Here’s what real science looks like ...

Unread post by BeAChooser » Tue Mar 07, 2023 5:47 pm

https://earthsky.org/space/cosmic-burst ... r-mystery/
Has mystery of universe’s missing matter been solved?
What it boils down to is that up till now they've found only about half the ordinary matter they claimed there should be back in the late 1990s. But using fast radio bursts, they appear to have found the rest. Here's what they realized back in 2007 ...
As these bursts of radiation traverse the universe and pass through gases and the theorized WHIM, they undergo something called dispersion.

The initial mysterious cause of these FRBs lasts for less a thousandth of a second and all the wavelengths start out in a tight clump. If someone was lucky enough – or unlucky enough – to be near the spot where an FRB was produced, all the wavelengths would hit them simultaneously.

But when radio waves pass through matter, they are briefly slowed down. The longer the wavelength, the more a radio wave “feels” the matter. Think of it like wind resistance. A bigger car feels more wind resistance than a smaller car.

The “wind resistance” effect on radio waves is incredibly small, but space is big. By the time an FRB has traveled millions or billions of light-years to reach Earth, dispersion has slowed the longer wavelengths so much that they arrive nearly a second later than the shorter wavelengths.

Therein lay the potential of FRBs to weigh the universe’s baryons, an opportunity we recognized on the spot.

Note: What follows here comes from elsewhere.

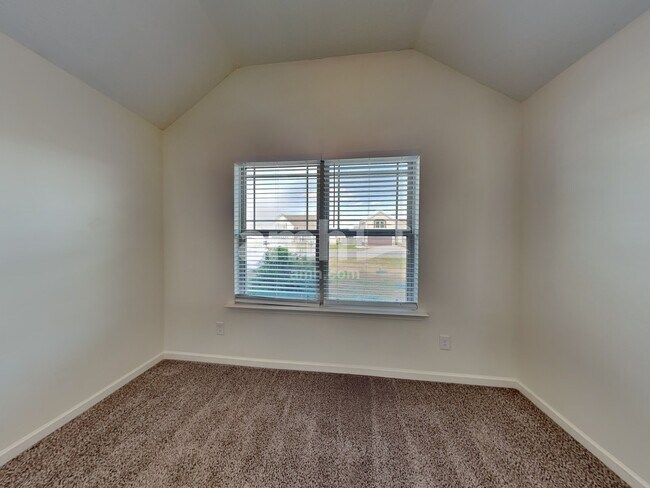 Building Photo - 123 Farmbrook Ct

By measuring the spread of different wavelengths within one FRB, we could calculate exactly how much matter – how many baryons – the radio waves passed through on their way to Earth.

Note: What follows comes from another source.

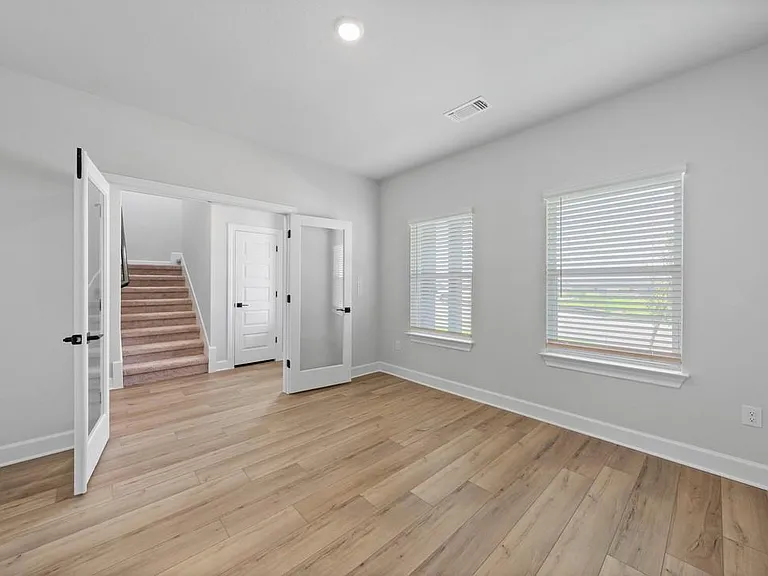 9513 Balmy Ln — Photo 3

At this point we were so close, but there was one final piece of information we needed. To precisely measure the baryon density, we needed to know where in the sky an FRB came from. If we knew the source galaxy, we would know how far the radio waves traveled. With that and the amount of dispersion they experienced, perhaps we could calculate how much matter they passed through on the way to Earth?

Unfortunately, the telescopes in 2007 weren’t good enough to pinpoint exactly which galaxy – and therefore how far away – an FRB came from.
So fast forward to today's technology and instruments ...
It was 11 years until we were able to place – or localize – our first FRB. In August 2018, our collaborative project called CRAFT began using the Australian Square Kilometre Array Pathfinder (ASKAP) radio telescope in the outback of Western Australia to look for FRBs. … snip …

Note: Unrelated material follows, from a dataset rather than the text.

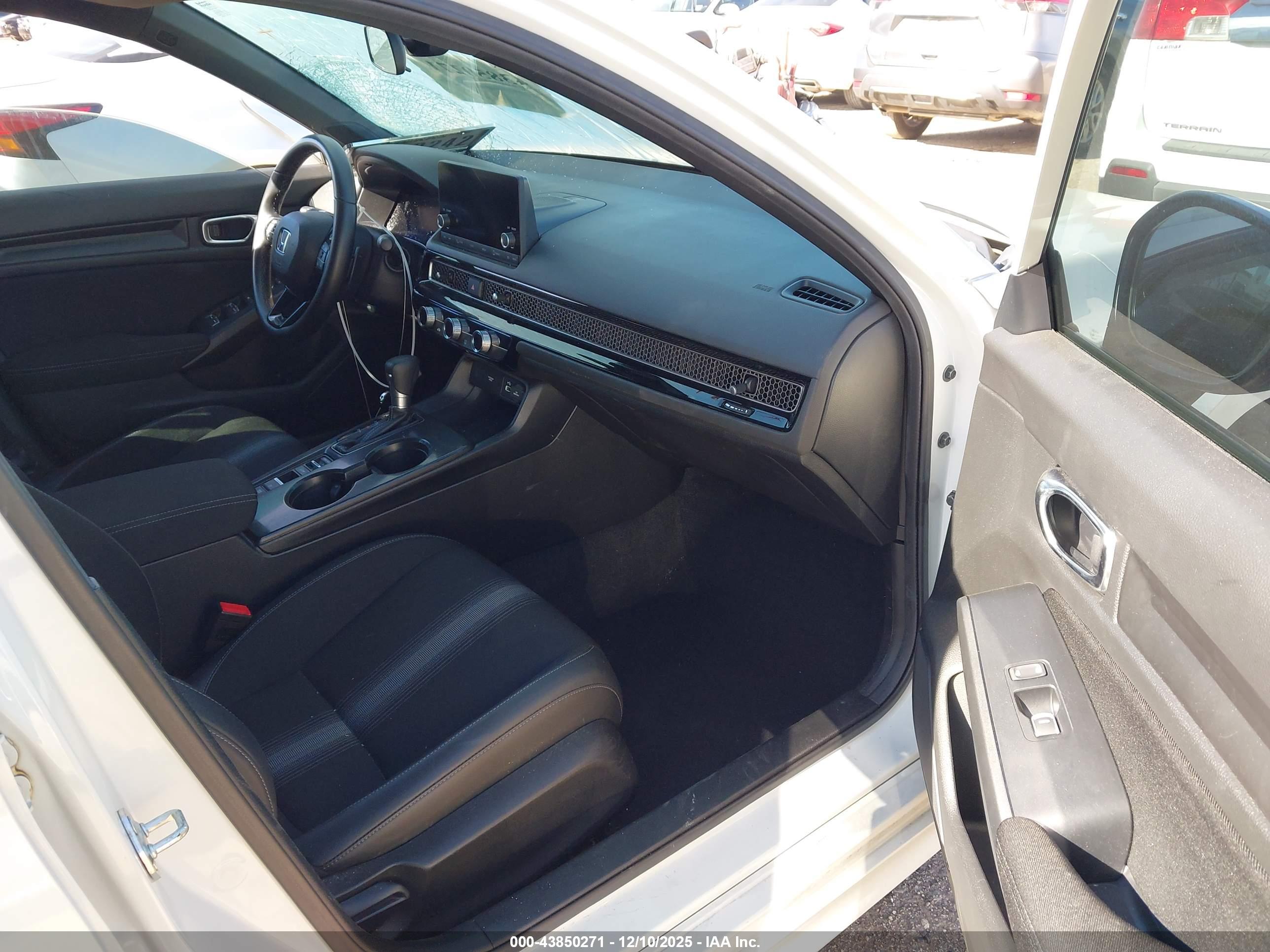 HONDA CIVIC image 5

ASKAP captured its first FRB one month later. Once we knew the precise part of the sky the radio waves came from, we quickly used the Keck telescope in Hawaii to identify which galaxy the FRB came from and how far away that galaxy was. The first FRB we detected came from a galaxy named DES J214425.25–405400.81 that is about 4 billion light-years away from Earth, in case you were wondering.

The technology and technique worked. We had measured the dispersion from an FRB and knew where it came from. But we needed to catch a few more of them in order to attain a statistically significant count of the baryons. So we waited and hoped space would send us some more FRBs.

By mid-July 2019, we had detected five more events, enough to perform the first search for the missing matter. Using the dispersion measures of these six FRBs, we were able to make a rough calculation of how much matter the radio waves passed through before reaching Earth.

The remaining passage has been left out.